■ Your assignment
Your reply should consist solely of the lines from the one containing "07/02/2012 - Posto" through the end of the data, restated word for word.

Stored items
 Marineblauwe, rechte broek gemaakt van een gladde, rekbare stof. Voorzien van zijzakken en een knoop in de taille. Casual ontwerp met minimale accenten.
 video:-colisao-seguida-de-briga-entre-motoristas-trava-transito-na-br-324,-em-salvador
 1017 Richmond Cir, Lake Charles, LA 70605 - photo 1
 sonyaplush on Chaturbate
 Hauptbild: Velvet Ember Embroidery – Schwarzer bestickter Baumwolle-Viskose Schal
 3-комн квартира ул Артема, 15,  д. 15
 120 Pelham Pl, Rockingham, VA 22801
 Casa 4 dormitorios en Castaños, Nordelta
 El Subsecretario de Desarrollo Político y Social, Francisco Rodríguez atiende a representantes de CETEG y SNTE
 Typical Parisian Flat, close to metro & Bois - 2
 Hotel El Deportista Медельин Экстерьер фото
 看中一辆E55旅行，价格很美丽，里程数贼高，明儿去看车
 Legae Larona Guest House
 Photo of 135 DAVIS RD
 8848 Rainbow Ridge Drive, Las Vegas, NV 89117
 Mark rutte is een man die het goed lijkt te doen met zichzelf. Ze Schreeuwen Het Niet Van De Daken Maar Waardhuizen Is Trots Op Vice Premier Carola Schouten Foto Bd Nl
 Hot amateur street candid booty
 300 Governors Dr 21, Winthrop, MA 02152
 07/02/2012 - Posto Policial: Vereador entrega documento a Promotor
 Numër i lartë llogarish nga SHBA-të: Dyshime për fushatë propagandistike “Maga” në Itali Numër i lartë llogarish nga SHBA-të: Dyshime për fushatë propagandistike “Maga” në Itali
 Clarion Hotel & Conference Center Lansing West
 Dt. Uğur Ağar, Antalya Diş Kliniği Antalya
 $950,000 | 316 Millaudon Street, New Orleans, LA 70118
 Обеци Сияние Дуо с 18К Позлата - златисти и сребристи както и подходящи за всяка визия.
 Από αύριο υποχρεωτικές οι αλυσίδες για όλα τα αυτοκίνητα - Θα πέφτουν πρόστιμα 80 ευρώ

■ Output for this exercise
 07/02/2012 - Posto Policial: Vereador entrega documento a Promotor
 Numër i lartë llogarish nga SHBA-të: Dyshime për fushatë propagandistike “Maga” në Itali Numër i lartë llogarish nga SHBA-të: Dyshime për fushatë propagandistike “Maga” në Itali
 Clarion Hotel & Conference Center Lansing West
 Dt. Uğur Ağar, Antalya Diş Kliniği Antalya
 $950,000 | 316 Millaudon Street, New Orleans, LA 70118
 Обеци Сияние Дуо с 18К Позлата - златисти и сребристи както и подходящи за всяка визия.
 Από αύριο υποχρεωτικές οι αλυσίδες για όλα τα αυτοκίνητα - Θα πέφτουν πρόστιμα 80 ευρώ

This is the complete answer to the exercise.